School started this week. We have two fourth-graders and a second-grader. Ken has the misfortune to be driving a carpool that involves four boys and two schools and takes about an hour round-trip. I am biking to work every day now, because we’re cutting back to just the one beat-up station wagon for transportation. Today I was almost hit by a Hummer.
New school year, new shoes, old lunchboxes, and a new household rule that we’re all wrestling with: No internet access except Saturday mornings.
One of our children — and I think it’s fair to keep this private, so let’s say child #1 — was developing an addictive relationship with online gaming. When given the opportunity, he would do nothing but play games on the internet; easily twelve hours at a stretch. Child #2 was also a fan of gaming, but didn’t seem quite so hypnotized — he would cut himself off after two hours. Child #3, who is garrulous and loves sports, was fed up with #s 1 and 2 for being “boring and stupid” — he couldn’t get them to go outside and play much.
We, the parents and parental-figures in the lives of all three, were feeling uncomfortable about the clearly deteriorating situation with our Gamer. He was pale and spindly, and irritable whenever the games were taken away.
But let’s face it, we all love to have those children who “self-entertain.” We like it when they play alone, or nicely with others, and let us do our own thing much of the time. This is especially true in a house of three boys. Child #1, the Gamer, was pretty easy that way. Just the opposite is true of child #3, who is either talking or moving at all times, and to whom we sometimes say, “Wouldn’t you like to go watch TV for a while?”

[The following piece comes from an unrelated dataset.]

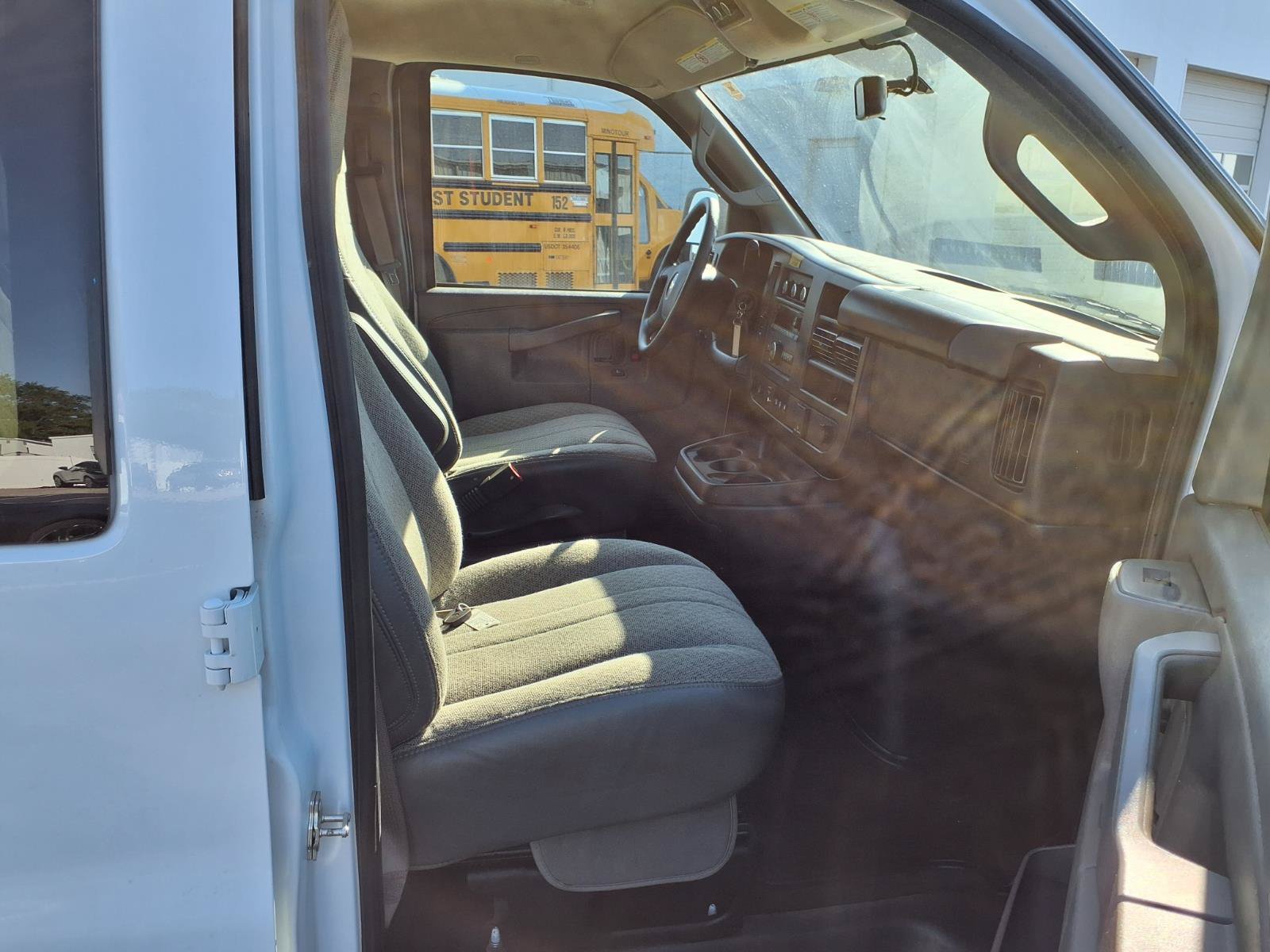 Used 2025 Chevrolet Express 3500 LS RWD image 22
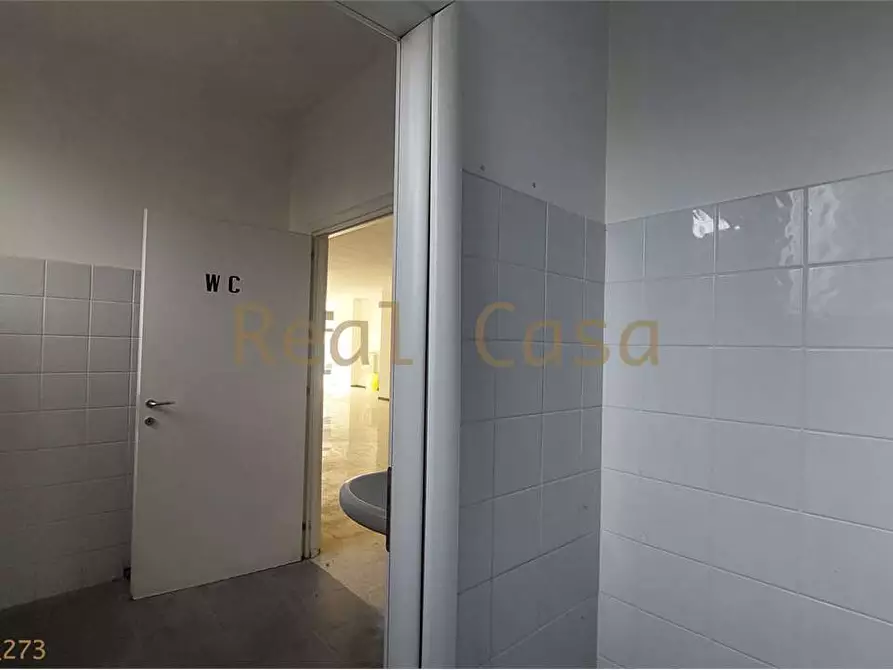 Immagine 26 di Negozio in vendita  in Via Giardini  322 a Modena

Oftentimes, the problem of too much screen-time in a household is really a parental problem. Not only are we all addicted, to a certain degree (I’ll admit my fondness for crafting two to three Facebook posts a day), but we have lost much of the community that made it easier to raise children. It’s well-documented elsewhere (see Robert Putnam’s work) and I won’t rant, but without safe neighborhoods and at-home parents around, our kids’ lives are quite attenuated, and they rightly expect us to entertain them within these limitations.
Part of the JP Green House project is to create a better childhood for our three boys, and any local kids who want in on it. Looking at the situation we had gotten ourselves into with #1, 2, and 3, it was inevitable that we’d have to fess up to our own bad habits around screens. So we called Comcast and explained: No we don’t want cable TV and 144 channels, along with high speed internet, thank you — just turn it off … no really, turn it off! What do you mean we can’t just have a phone line?

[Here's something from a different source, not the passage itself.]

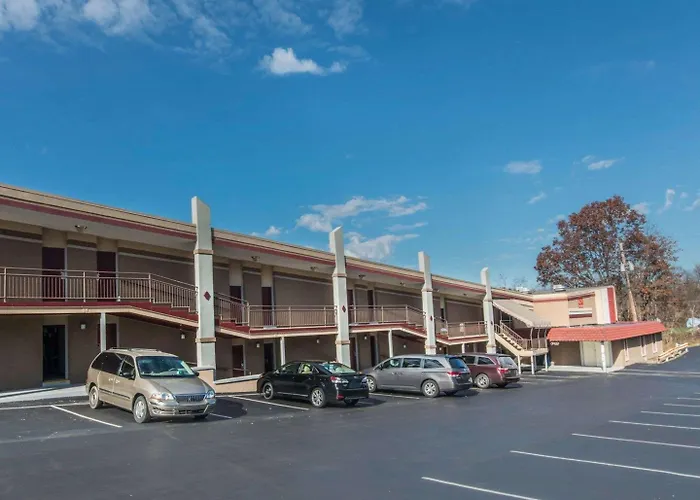 Econo Lodge Hermitage South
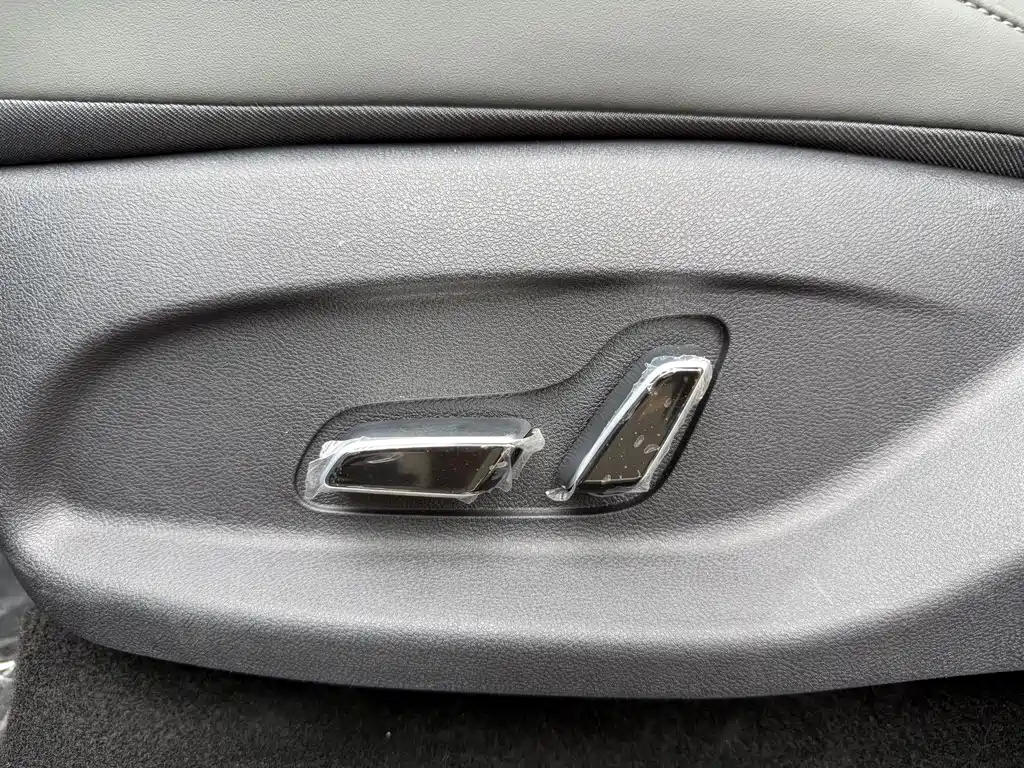 BYD L DM-i 2026 — фото 6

It isn’t pretty. Day 1 of No Internet found #1 first sulking in bed, then raging at his dad, and then secretly staying up until he thought everyone was asleep, and nabbing a cell-phone to play games on.
Day 2 was better: all three kids were out in the street on their bikes, complaining about the excessive number of girls with pink bicycles in the neighborhood. There are worse things than girls who like pink.